Since 1976, the NKFM has hosted an annual Kids Camp in Fenton, Michigan at Camp Copneconic. During a traditional weekly camp session, the NKFM provides medical support necessary to allow kids with kidney disease ages 8–16 to attend the camp alongside other campers. The foundation enlists a team of Michigan-based nurses and doctors to assist the roughly 30 campers throughout the week. The foundation also provides financial support for children interested in attending the camp. The children are all kidney patients and come from one of three hospitals in the state — Children's Hospital at the DMC in Detroit, C.S. Mott Children's Hospital in Ann Arbor and the Helen DeVos Children's Hospital in Grand Rapids. Nearly 950 children attended the camp as of 2016.

== Governance ==
Dan Carney served as the president and CEO of the NKFM for over 30 years until 2017, when he was succeeded by Linda Smith-Wheelock. Smith-Wheelock served as the nonprofit's Chief Operating Officer for 17 years before being awarded the position, which she still holds. Carney remains on the board of directors after stepping down into a new role as President and CEO Emeritus.

== Awards ==
Every year since 2006, the NKFM has received 4-star ratings from Charity Navigator, who named the NKFM the number 1 charity in the category of Diseases, Disorders & Disciplines in 2014. The same year, the Huffington Post named the NKFM as one of the top 11 charities that changed the world.

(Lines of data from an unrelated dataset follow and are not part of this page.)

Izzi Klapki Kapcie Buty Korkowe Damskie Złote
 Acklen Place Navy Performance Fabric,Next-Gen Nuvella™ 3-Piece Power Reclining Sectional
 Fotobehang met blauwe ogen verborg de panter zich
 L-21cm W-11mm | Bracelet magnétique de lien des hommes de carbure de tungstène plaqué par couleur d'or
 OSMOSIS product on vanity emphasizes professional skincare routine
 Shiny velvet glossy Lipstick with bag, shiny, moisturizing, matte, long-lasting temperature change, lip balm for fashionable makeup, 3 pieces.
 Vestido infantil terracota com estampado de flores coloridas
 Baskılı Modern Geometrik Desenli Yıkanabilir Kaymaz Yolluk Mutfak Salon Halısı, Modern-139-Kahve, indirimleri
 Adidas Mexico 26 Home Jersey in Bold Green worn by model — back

In 2015, the Michigan Association of Health Plans recognized NKFM for “Business Practice Improvement” through their diabetes prevention program during the 15th Annual Pinnacle Awards.

In 2015, the organization was awarded a $20,000 “Foundation Champions for Healthy Kids” grant from the Academy of Nutrition and Dietetics. The grant aimed to improve children's health and wellness by working to prevent or delay the onset of preventable diseases through the implementation of the Project for EArly Childhood Health (PEACH) program in southeast Michigan.